There is an ever increasing number of patients that I see, that are feeling all alone. A little crazy, sad, depressed, etc. And I wonder if it is a recent phenomenon or if I have just been unobservant, and it has been there all along. Or if it might be due to more patients being comfortable enough to open up about it.
Or if it might be our ever increasing need to broadcast every part of our lives. The need to post countless pictures and status updates on Facebook, tweets on Twitter, checking in on FourSquare, is it a need to be seen or is it maybe a sign of a need to know that someone cares. Maybe it is a way to connect, and yet the connection can often feel empty in itself.
There is no one who needs to know what you ate for lunch, and yet I would venture most of us have posted pictures of a meal or two. (I am just as guilty.) And not all thoughts are gems. And something posted carelessly can come back at you in the end. But maybe the problem isn’t social media, maybe it is merely allowing us to see what many of us keep hidden just beneath the surface.
The danger in this is that we become immune to posts that appear to be attention seeking. The person who posts “I just want it all to end.” may not be taken seriously when they are at their lowest. And yet, I am sure many of us have seen these posts. But if that is your way to connect with others, it is probably not going to save your life, because if someone were to decide that you were serious, there is the potential delay between the time posted and the time they try to find the appropriate authority for help.
And then there is the thought that many are posting just for attention. Of course you want attention, but is that the healthiest way to get it. From strangers and acquaintances? Does it mean something if they don’t really have a personal connection with you?
There is something to be said about true human contact. I know telemedicine is supposed to be the wave of the future, a way to get specialists into communities that would not otherwise happen. And maybe it will work eventually, but living in a community where the psychiatrist is a “Doc in a Box” does not appear to be overly satisfactory to patients. There is something to be said about human contact to help with healing patients. I cannot tell you how many patients ask me to take over their psychiatric needs because they don’t care for their “Doc in a box.” They don’t like talking to the box. Something always seems to be missing in those relationships.
Human contact is under-rated in this rapidly changing environment of social media and electronic medical records.
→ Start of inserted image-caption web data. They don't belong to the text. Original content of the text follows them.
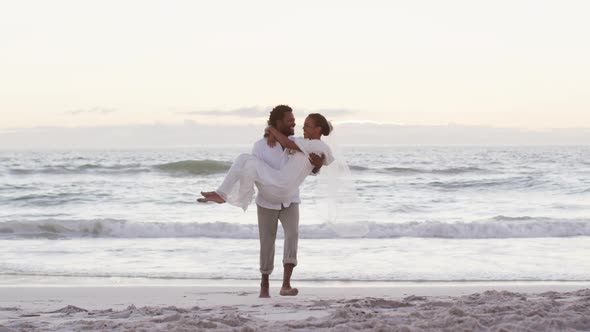 African american couple in love getting married, man carrying woman on the beach at sunset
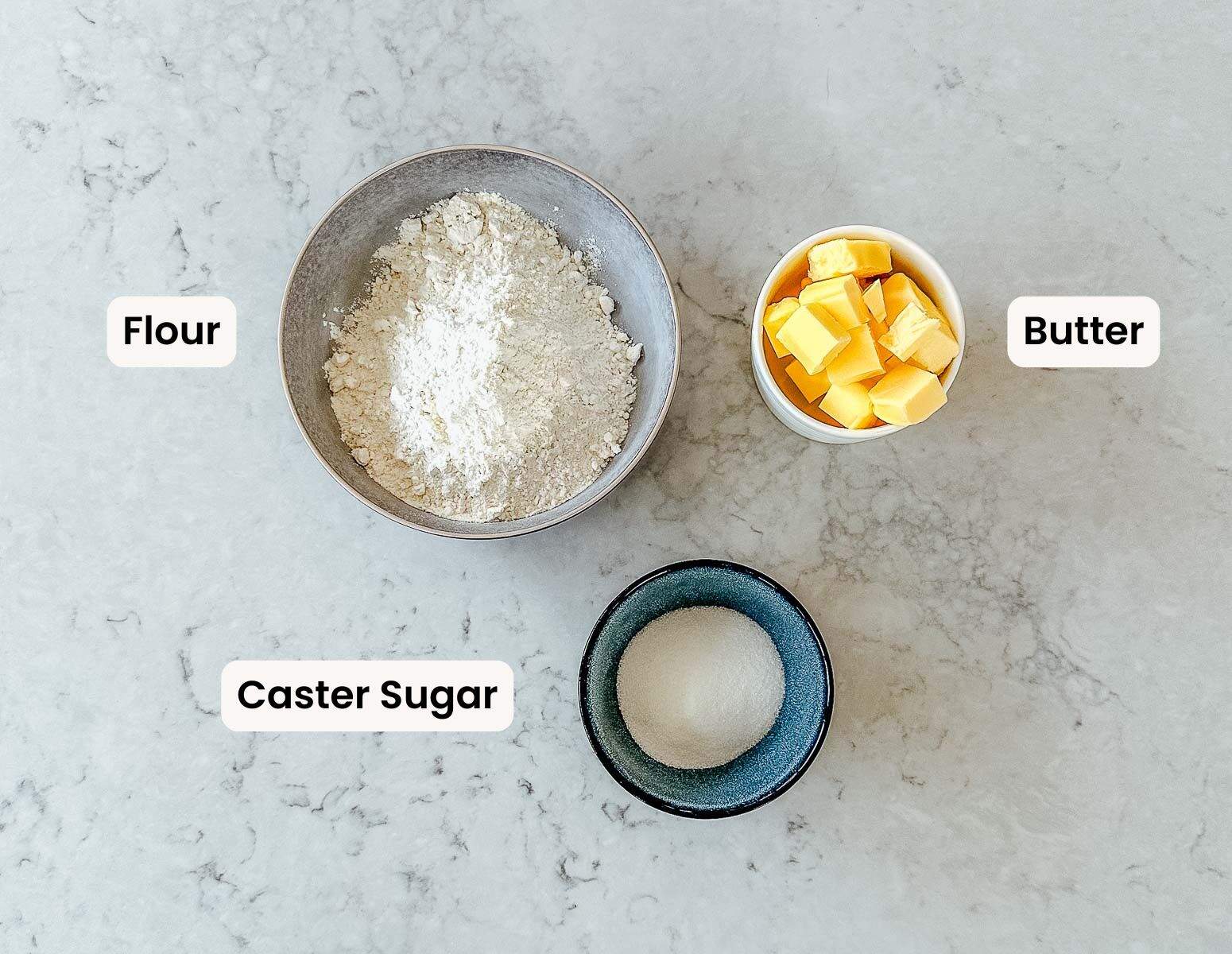 Overhead image of a bowl of flour, butter and sugar with a label next to each one, on a marble benchtop.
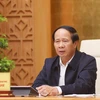 Phó Thủ tướng Lê Văn Thành chủ trì cuộc họp. (Ảnh: Lâm Khánh/TTXVN)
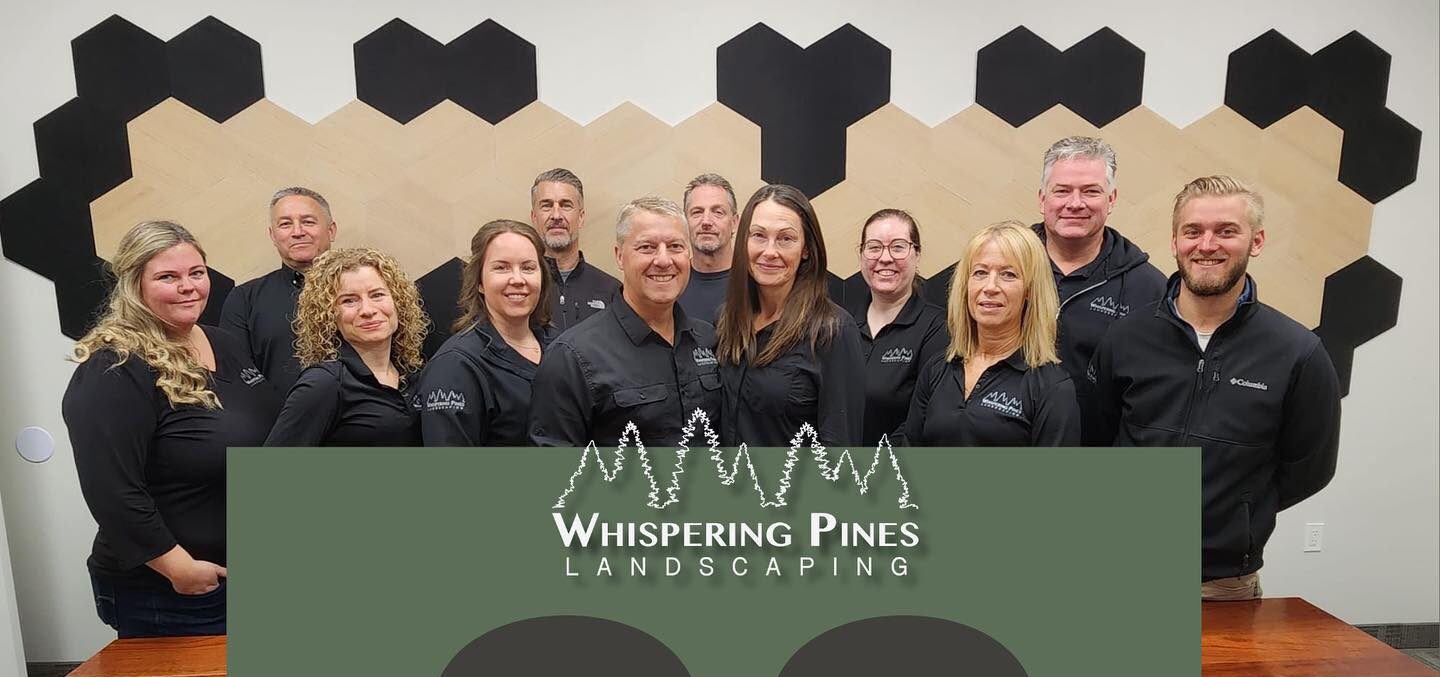 A group of people from Whispering Pines Landscaping celebrate their 30th anniversary, standing indoors with a decorated wall behind them.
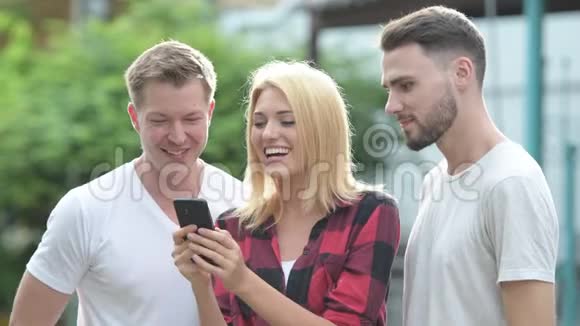三个快乐的年轻朋友在户外的街上一起用电话微笑视频的预览图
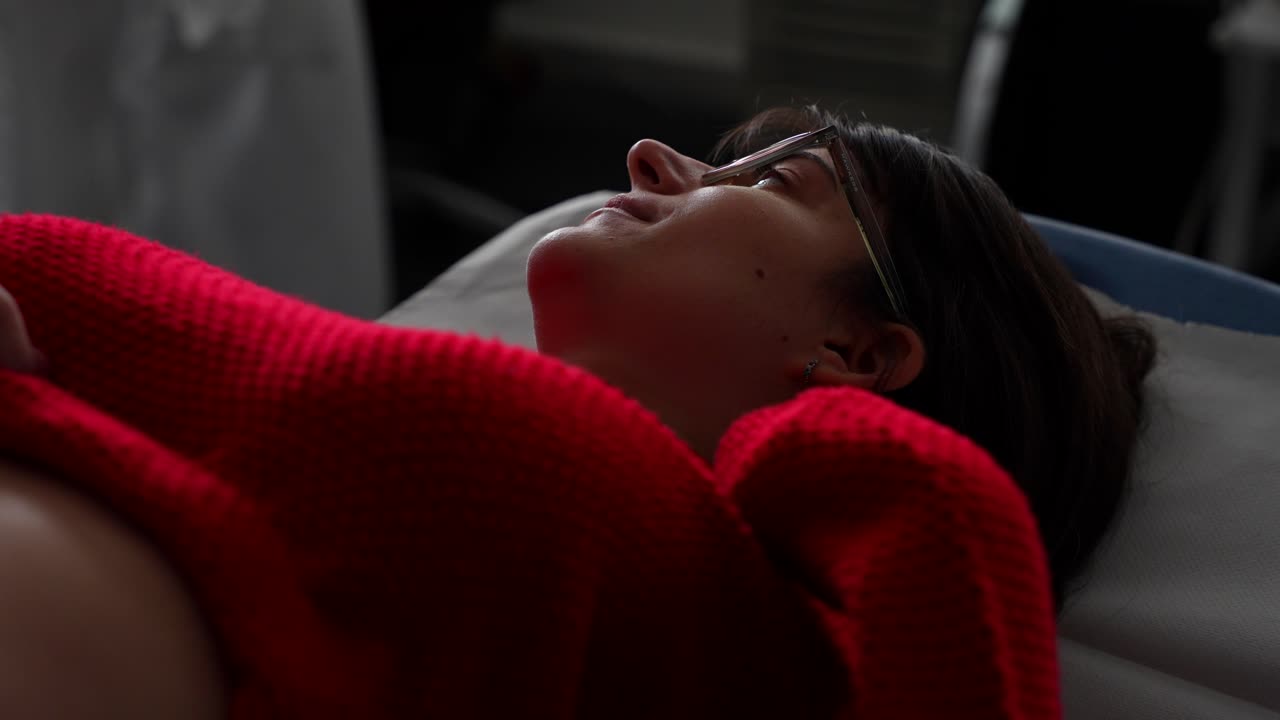Pregnant woman lying on a stretcher smiling during checkup in hospital. Close up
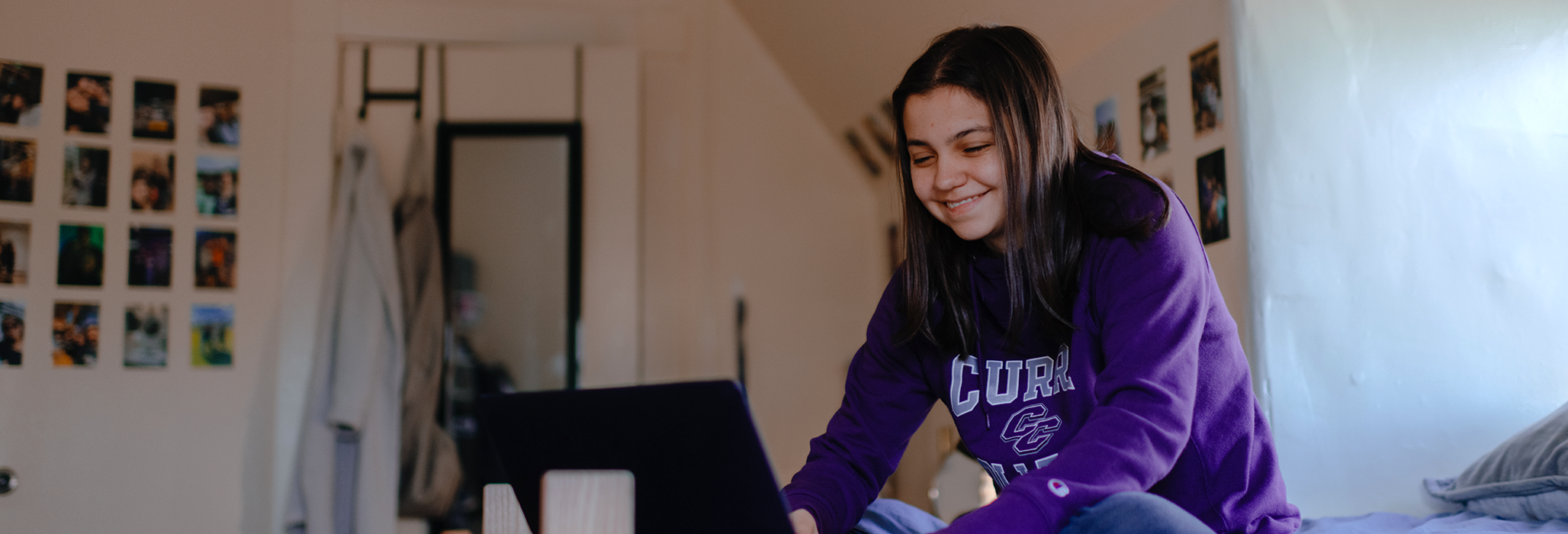 Maddy Greene '26 studies on her laptop in her residence hall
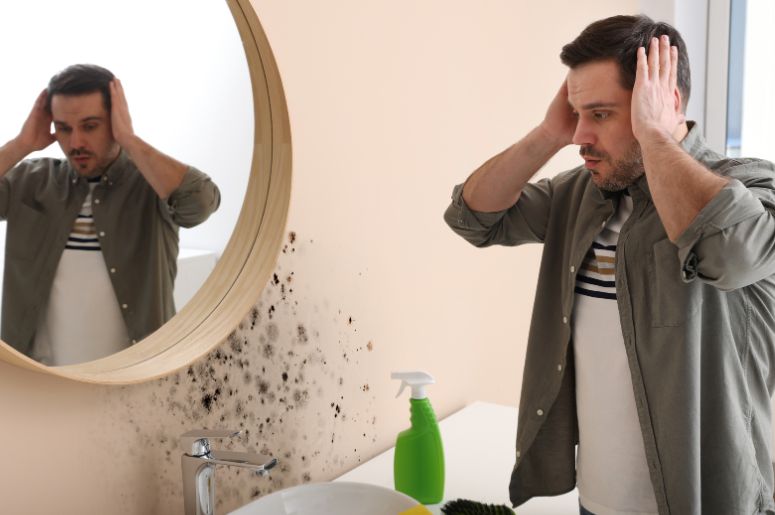homem assustado com umidade no banheiro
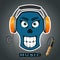 Smiling skull with music on in headsets, headphone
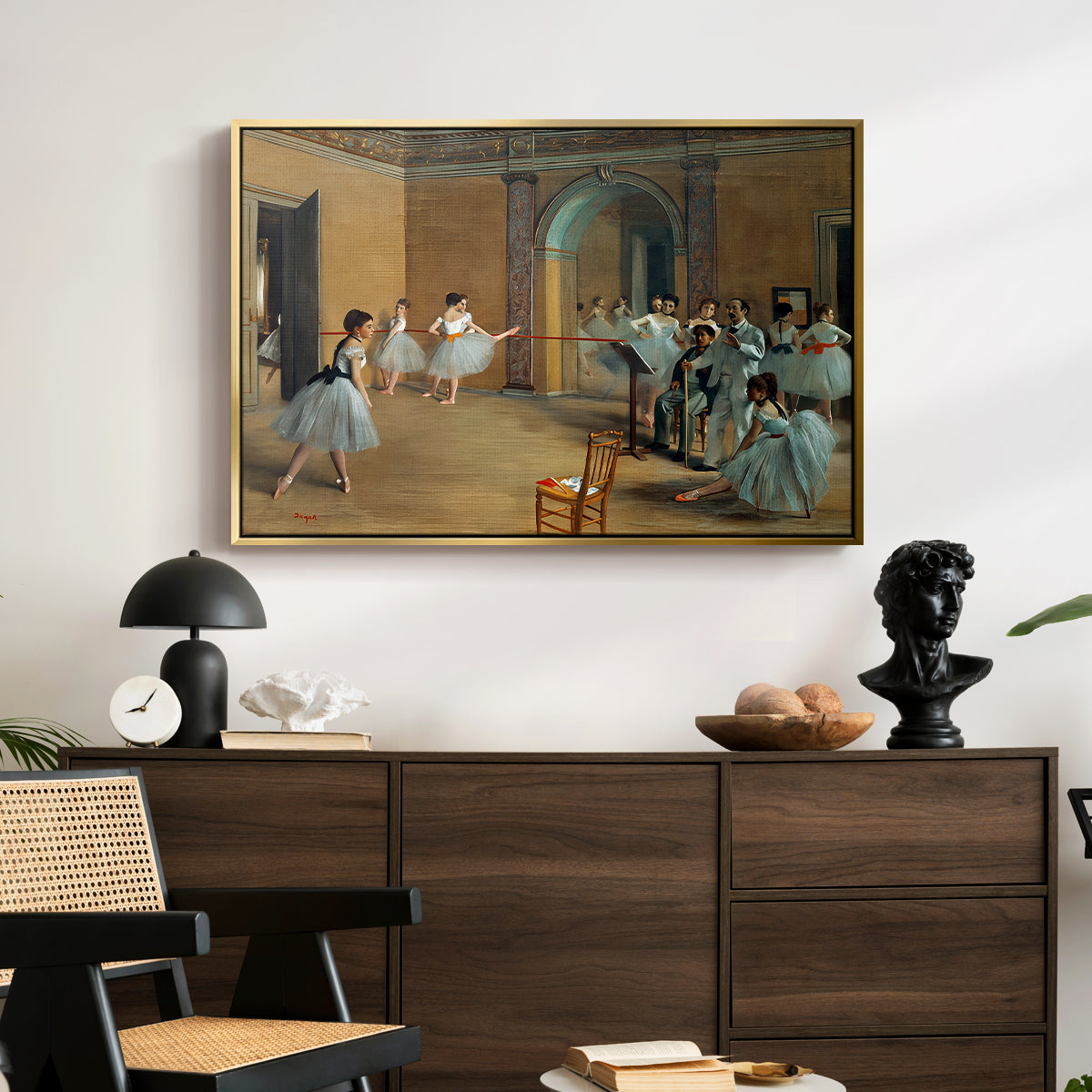 The Dance Foyer at the Opera on the Rue Le Peletier, 1872 by Edgar Degas displayed in a gold floater framed canvas above a dark wood credenza in an entryway.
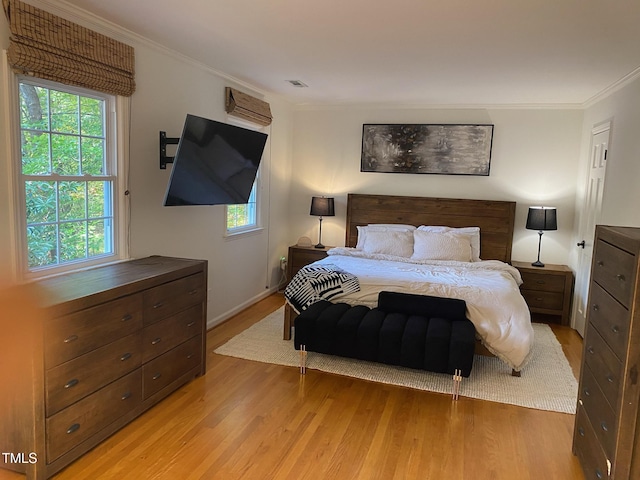 bedroom with multiple windows, ornamental molding, and light hardwood / wood-style flooring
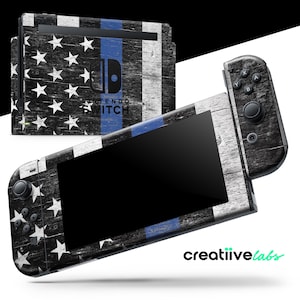 May include: A Nintendo Switch console and controllers with a distressed American flag design. The design features white stars on a black background, with a blue stripe and white wood grain. The Nintendo Switch logo is visible.
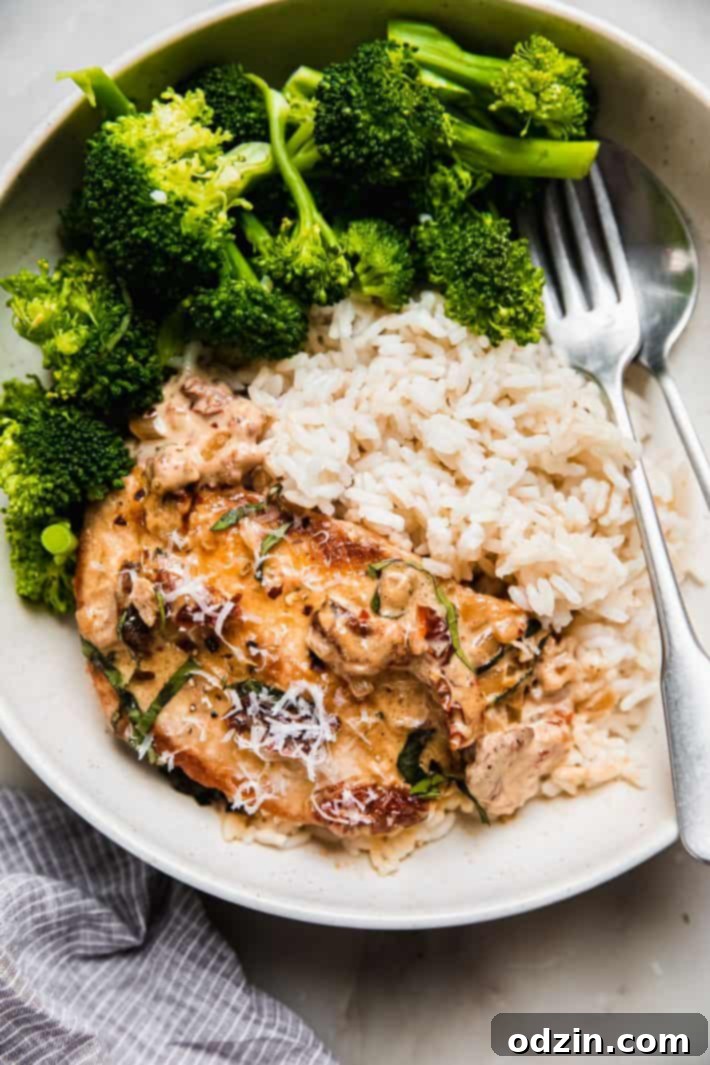 The Ultimate Marry Me Chicken Recipe 7 Marry Me Chicken served on a plate with fluffy white rice and steamed broccoli, a complete and satisfying meal.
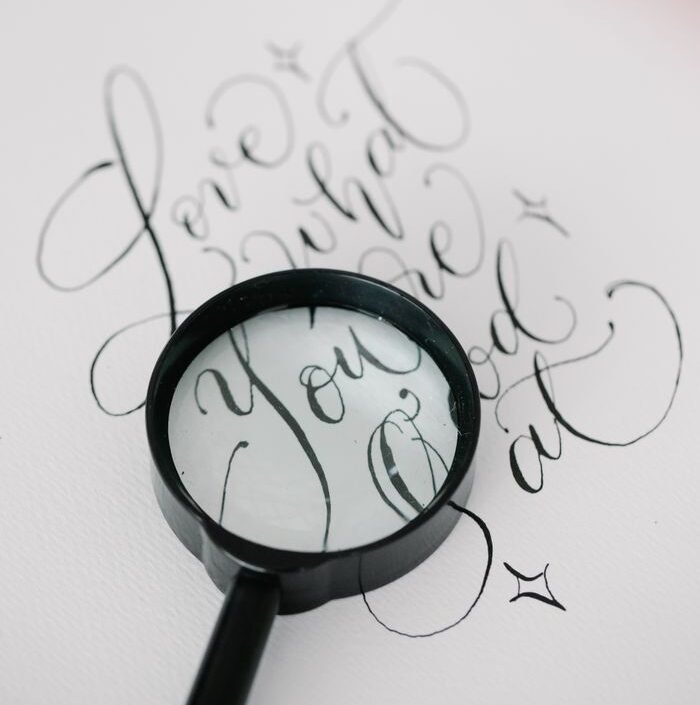 Beautiful calligraphy captured with a magnifier, highlighting art and design elements.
While I think EHRs are a good thing, the biggest complaint patients have when their physicians change is that “they are no longer talking to me, but they are looking at their computers.”
As humans there is a need to know that someone cares, that someone is out there. Unfortunately we are teaching the next generation not to go outside and play, but to make connections online. And how much can you truly know about someone that you cannot see, and have never met. There is much to be learned from facial expressions, from posture, from touch. These cannot be duplicated from a machine, and a “there, there” on a computer screen is a poor substitute for a pat on the shoulder.